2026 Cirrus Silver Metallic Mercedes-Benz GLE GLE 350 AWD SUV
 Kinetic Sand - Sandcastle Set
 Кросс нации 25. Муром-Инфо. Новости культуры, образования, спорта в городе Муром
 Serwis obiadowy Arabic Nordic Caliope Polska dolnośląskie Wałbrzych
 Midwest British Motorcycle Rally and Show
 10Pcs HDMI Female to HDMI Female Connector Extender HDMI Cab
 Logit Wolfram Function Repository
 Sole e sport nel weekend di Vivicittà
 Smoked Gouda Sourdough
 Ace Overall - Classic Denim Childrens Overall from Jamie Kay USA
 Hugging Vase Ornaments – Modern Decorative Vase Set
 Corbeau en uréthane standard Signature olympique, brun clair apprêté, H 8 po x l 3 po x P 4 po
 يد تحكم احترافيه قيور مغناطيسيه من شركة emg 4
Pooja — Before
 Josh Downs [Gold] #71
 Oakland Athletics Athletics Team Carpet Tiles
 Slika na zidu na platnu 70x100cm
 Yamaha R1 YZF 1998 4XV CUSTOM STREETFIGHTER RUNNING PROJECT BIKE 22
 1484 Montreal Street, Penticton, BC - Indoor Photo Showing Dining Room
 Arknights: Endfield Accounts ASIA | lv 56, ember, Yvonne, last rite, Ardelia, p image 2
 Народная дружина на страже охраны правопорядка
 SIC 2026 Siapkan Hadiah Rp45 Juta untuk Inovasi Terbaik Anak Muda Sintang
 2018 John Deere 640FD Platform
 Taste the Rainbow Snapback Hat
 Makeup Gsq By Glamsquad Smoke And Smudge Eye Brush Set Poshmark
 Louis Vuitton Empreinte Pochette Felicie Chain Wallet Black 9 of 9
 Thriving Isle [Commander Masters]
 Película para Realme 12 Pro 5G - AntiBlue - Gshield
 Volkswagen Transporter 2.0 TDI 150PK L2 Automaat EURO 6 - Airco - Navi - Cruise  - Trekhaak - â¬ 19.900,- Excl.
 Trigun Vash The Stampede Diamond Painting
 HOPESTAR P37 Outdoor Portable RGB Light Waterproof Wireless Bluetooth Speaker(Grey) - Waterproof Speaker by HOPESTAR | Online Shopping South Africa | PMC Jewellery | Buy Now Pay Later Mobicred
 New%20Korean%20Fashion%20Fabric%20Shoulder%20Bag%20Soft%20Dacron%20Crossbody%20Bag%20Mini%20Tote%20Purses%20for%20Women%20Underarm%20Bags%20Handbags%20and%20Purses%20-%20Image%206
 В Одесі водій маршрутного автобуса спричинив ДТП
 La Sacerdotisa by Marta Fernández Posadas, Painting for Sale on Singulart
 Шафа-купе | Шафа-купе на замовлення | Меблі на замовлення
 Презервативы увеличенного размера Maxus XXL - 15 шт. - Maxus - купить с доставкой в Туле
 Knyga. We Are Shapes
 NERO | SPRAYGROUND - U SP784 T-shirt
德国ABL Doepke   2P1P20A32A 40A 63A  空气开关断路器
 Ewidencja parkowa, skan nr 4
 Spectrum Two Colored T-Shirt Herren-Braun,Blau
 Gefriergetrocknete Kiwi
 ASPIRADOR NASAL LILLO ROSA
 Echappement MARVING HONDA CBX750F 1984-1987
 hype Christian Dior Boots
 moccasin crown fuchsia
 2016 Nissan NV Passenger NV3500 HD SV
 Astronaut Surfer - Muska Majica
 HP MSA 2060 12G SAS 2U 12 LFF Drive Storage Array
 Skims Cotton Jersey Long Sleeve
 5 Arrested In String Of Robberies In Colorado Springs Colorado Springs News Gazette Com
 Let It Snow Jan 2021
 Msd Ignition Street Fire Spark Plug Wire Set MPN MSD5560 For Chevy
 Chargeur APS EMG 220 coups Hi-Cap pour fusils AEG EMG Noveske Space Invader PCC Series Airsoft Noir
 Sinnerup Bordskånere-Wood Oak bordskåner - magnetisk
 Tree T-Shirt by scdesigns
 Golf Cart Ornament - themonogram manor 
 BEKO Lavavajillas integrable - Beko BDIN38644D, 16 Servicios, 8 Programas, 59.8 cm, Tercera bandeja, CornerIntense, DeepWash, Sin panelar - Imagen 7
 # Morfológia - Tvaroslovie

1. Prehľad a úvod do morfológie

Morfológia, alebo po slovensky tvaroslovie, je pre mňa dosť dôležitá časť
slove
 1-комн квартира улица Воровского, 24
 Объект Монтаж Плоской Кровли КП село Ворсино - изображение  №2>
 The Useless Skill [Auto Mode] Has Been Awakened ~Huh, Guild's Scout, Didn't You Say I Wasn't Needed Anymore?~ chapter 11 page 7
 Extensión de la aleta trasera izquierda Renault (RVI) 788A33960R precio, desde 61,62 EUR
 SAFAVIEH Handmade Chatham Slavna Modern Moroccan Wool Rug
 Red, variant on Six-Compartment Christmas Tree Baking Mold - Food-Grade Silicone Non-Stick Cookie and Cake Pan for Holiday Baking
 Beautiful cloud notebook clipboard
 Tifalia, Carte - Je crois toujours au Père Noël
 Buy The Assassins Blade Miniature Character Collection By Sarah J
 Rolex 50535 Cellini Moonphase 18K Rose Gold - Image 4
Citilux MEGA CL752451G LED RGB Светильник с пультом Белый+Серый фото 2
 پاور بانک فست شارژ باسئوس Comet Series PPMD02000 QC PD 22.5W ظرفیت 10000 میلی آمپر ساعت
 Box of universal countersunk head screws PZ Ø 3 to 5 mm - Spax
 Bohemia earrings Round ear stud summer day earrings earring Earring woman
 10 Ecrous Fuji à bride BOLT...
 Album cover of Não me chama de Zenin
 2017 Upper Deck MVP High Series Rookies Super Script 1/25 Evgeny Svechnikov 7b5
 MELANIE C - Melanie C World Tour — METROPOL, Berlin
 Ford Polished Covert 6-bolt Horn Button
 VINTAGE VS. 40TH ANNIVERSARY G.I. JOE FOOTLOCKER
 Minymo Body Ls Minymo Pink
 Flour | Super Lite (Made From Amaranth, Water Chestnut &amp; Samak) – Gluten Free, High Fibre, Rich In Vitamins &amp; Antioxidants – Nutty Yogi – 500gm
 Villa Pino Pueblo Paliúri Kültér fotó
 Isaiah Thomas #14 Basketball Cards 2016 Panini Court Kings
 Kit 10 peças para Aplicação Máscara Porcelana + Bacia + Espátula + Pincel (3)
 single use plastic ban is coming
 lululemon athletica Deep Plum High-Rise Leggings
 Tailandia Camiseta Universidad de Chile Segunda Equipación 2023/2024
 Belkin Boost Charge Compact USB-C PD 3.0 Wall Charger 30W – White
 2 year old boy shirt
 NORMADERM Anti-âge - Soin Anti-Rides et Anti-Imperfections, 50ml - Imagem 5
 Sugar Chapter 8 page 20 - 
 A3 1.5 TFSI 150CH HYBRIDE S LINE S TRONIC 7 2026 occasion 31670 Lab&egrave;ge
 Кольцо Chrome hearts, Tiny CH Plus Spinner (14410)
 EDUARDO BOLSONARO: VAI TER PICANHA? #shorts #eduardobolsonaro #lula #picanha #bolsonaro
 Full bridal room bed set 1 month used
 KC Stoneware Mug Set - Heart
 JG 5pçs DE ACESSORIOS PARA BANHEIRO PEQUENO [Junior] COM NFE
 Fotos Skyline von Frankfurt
——
REQUIREMENT -> Write out, word for word, the line containing "EDUARDO BOLSONARO: VAI" and every line after it to the end of the data above.

EXERCISE RESPONSE ->
 EDUARDO BOLSONARO: VAI TER PICANHA? #shorts #eduardobolsonaro #lula #picanha #bolsonaro
 Full bridal room bed set 1 month used
 KC Stoneware Mug Set - Heart
 JG 5pçs DE ACESSORIOS PARA BANHEIRO PEQUENO [Junior] COM NFE
 Fotos Skyline von Frankfurt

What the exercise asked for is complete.